Exercise directions: Only the pictures are dropped. Restate each line below word for word.

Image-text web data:
○ ○ ○ ○
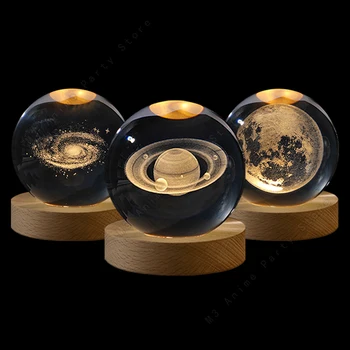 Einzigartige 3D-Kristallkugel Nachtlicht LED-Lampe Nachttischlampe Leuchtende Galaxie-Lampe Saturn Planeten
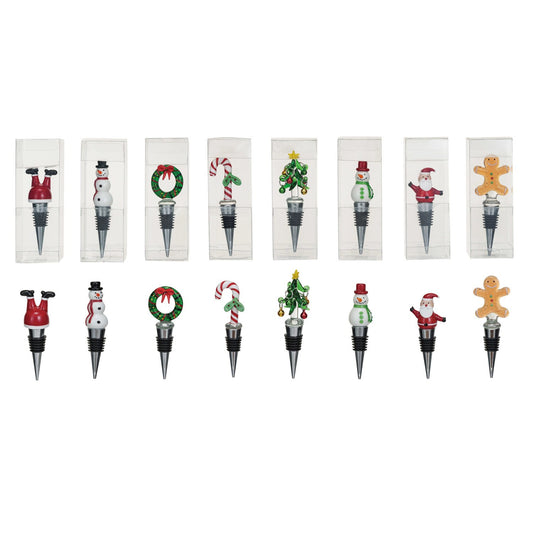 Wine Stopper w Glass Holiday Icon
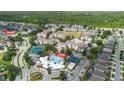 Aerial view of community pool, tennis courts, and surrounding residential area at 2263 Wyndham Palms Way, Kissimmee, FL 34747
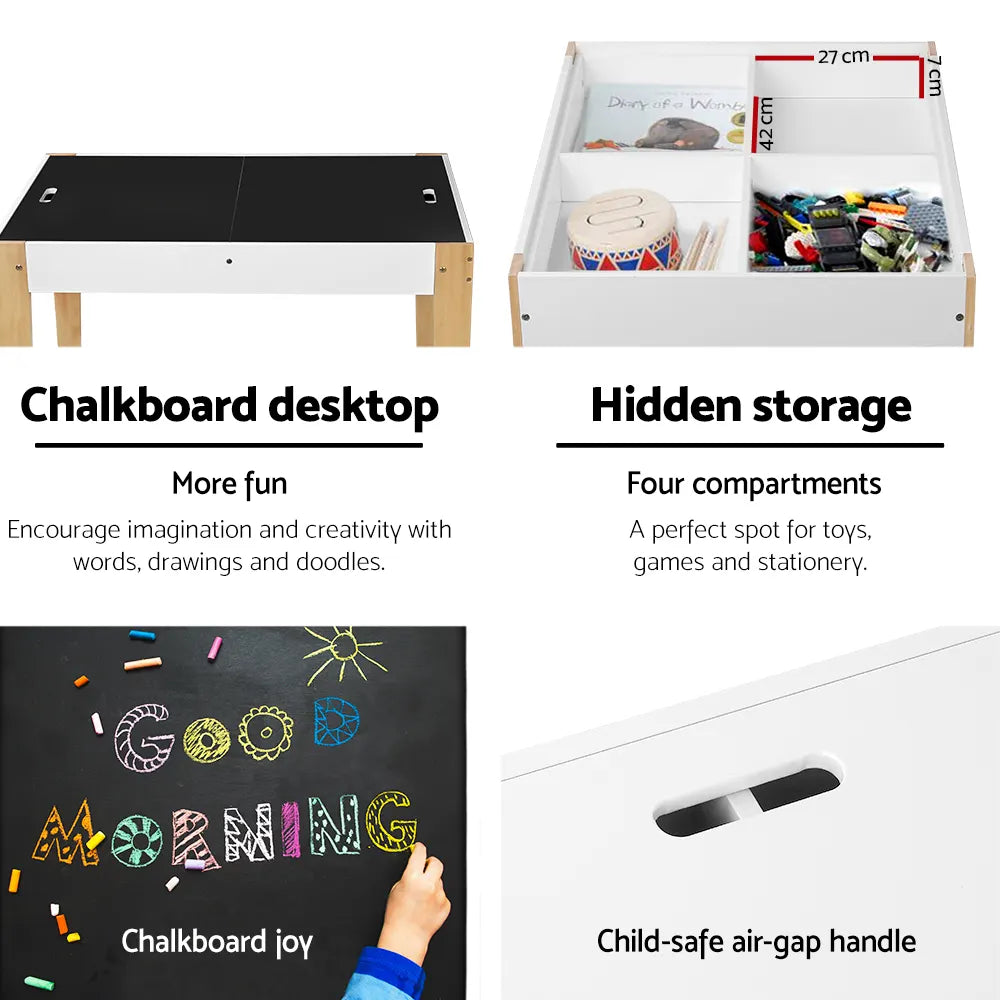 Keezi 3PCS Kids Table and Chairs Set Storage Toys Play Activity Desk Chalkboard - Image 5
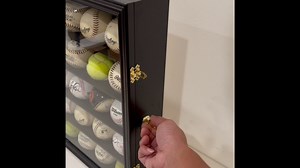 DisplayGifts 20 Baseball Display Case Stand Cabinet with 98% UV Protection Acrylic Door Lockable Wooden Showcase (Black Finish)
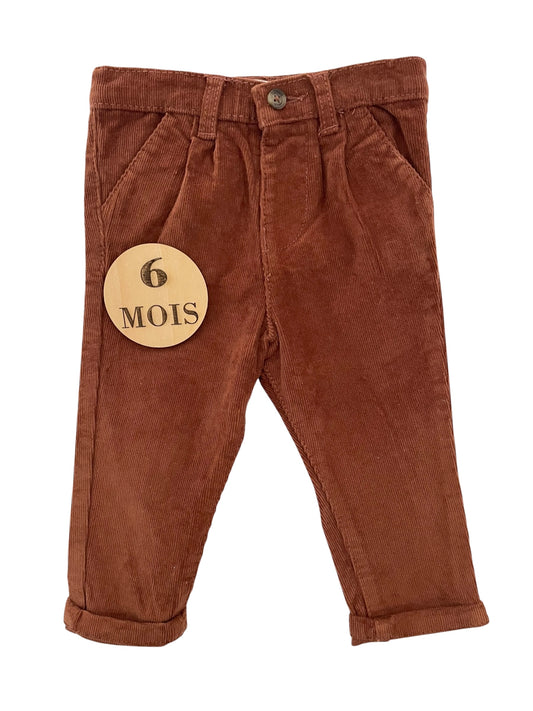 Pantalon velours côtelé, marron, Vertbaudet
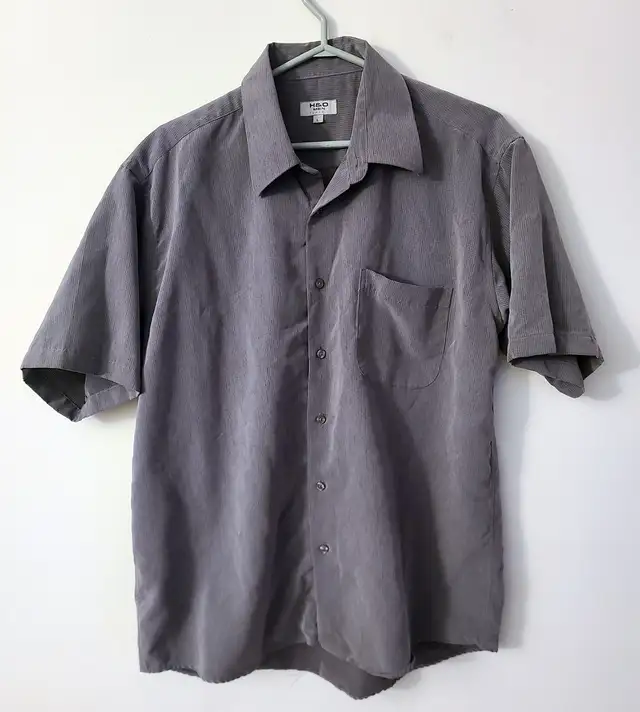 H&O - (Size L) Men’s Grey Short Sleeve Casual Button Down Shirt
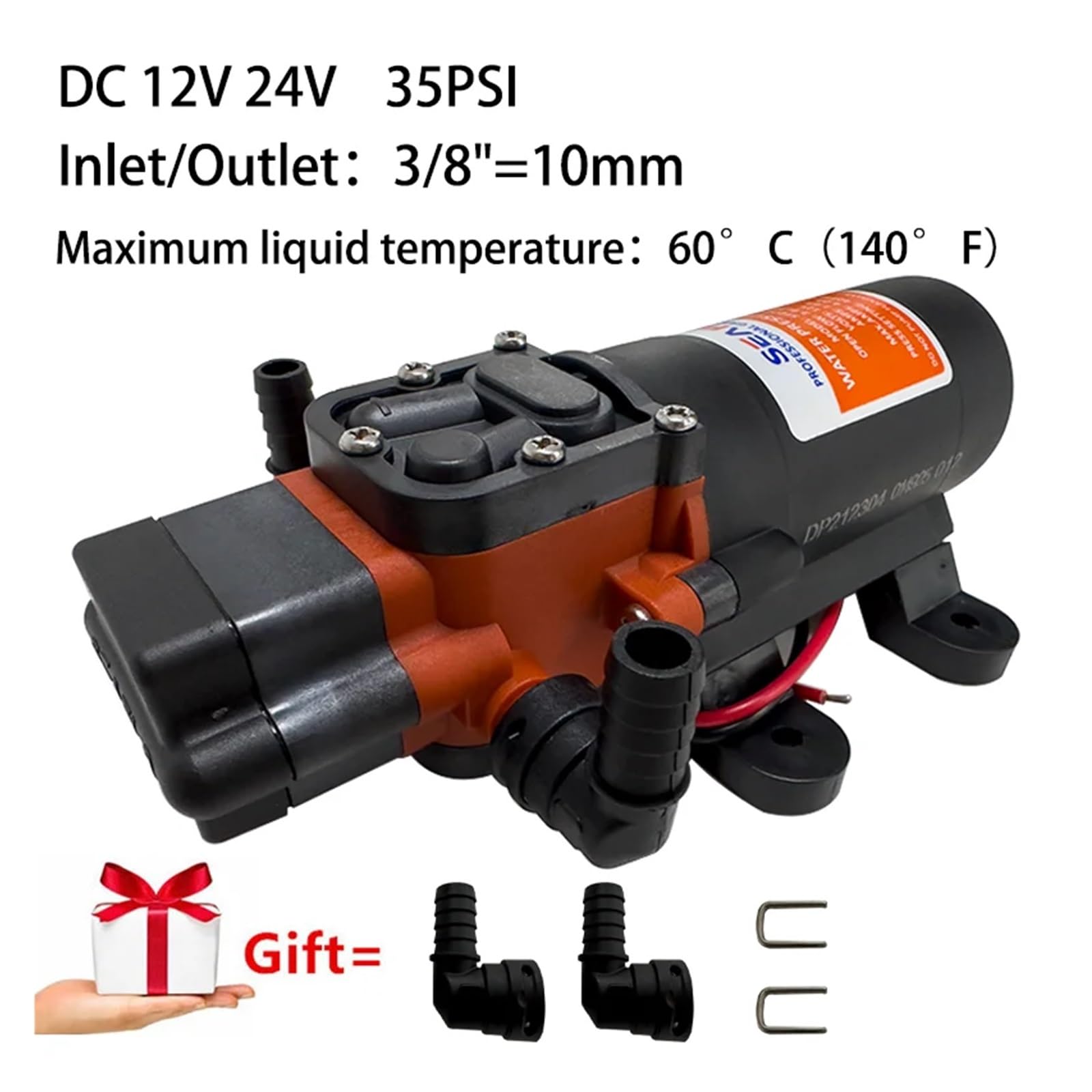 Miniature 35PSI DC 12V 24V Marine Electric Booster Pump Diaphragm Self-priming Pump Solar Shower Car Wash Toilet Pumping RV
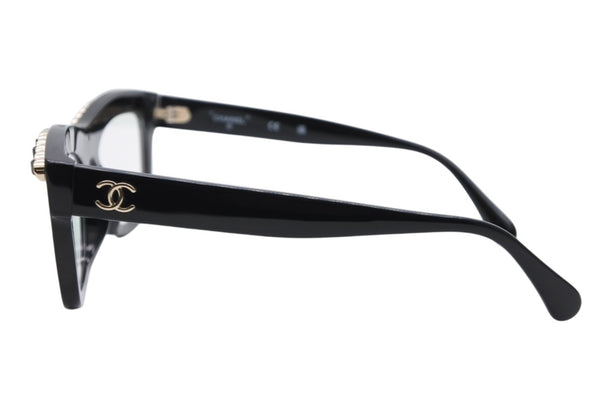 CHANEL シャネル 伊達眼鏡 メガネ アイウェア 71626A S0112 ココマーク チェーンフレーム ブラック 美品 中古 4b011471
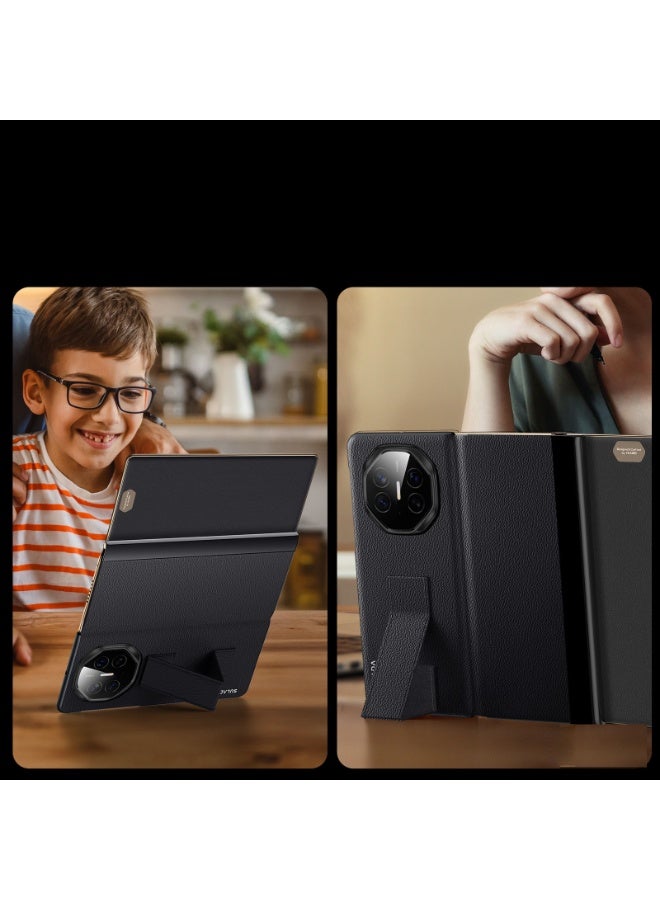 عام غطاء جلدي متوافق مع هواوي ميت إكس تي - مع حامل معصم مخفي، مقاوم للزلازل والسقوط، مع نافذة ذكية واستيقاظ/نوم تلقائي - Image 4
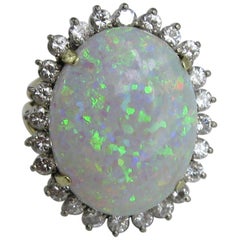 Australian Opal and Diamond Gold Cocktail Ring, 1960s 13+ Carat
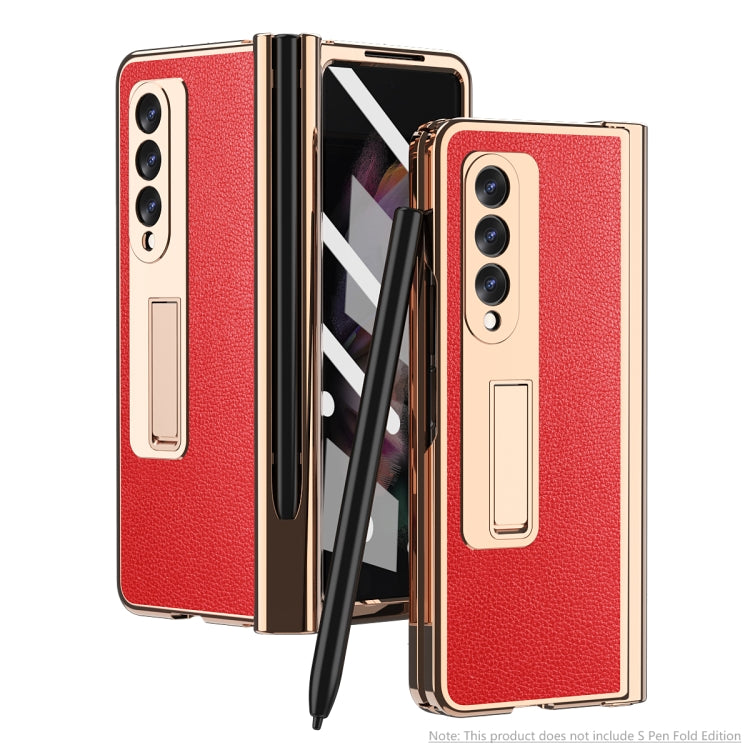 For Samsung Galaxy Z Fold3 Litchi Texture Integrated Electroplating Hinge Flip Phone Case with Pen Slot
○ ○ ○ ○
Exercise output:
 Einzigartige 3D-Kristallkugel Nachtlicht LED-Lampe Nachttischlampe Leuchtende Galaxie-Lampe Saturn Planeten
 Wine Stopper w Glass Holiday Icon
 Aerial view of community pool, tennis courts, and surrounding residential area at 2263 Wyndham Palms Way, Kissimmee, FL 34747
 Keezi 3PCS Kids Table and Chairs Set Storage Toys Play Activity Desk Chalkboard - Image 5
 DisplayGifts 20 Baseball Display Case Stand Cabinet with 98% UV Protection Acrylic Door Lockable Wooden Showcase (Black Finish)
 Pantalon velours côtelé, marron, Vertbaudet
 H&O - (Size L) Men’s Grey Short Sleeve Casual Button Down Shirt
 Miniature 35PSI DC 12V 24V Marine Electric Booster Pump Diaphragm Self-priming Pump Solar Shower Car Wash Toilet Pumping RV
 CHANEL シャネル 伊達眼鏡 メガネ アイウェア 71626A S0112 ココマーク チェーンフレーム ブラック 美品 中古 4b011471
 عام غطاء جلدي متوافق مع هواوي ميت إكس تي - مع حامل معصم مخفي، مقاوم للزلازل والسقوط، مع نافذة ذكية واستيقاظ/نوم تلقائي - Image 4
 Australian Opal and Diamond Gold Cocktail Ring, 1960s 13+ Carat
 For Samsung Galaxy Z Fold3 Litchi Texture Integrated Electroplating Hinge Flip Phone Case with Pen Slot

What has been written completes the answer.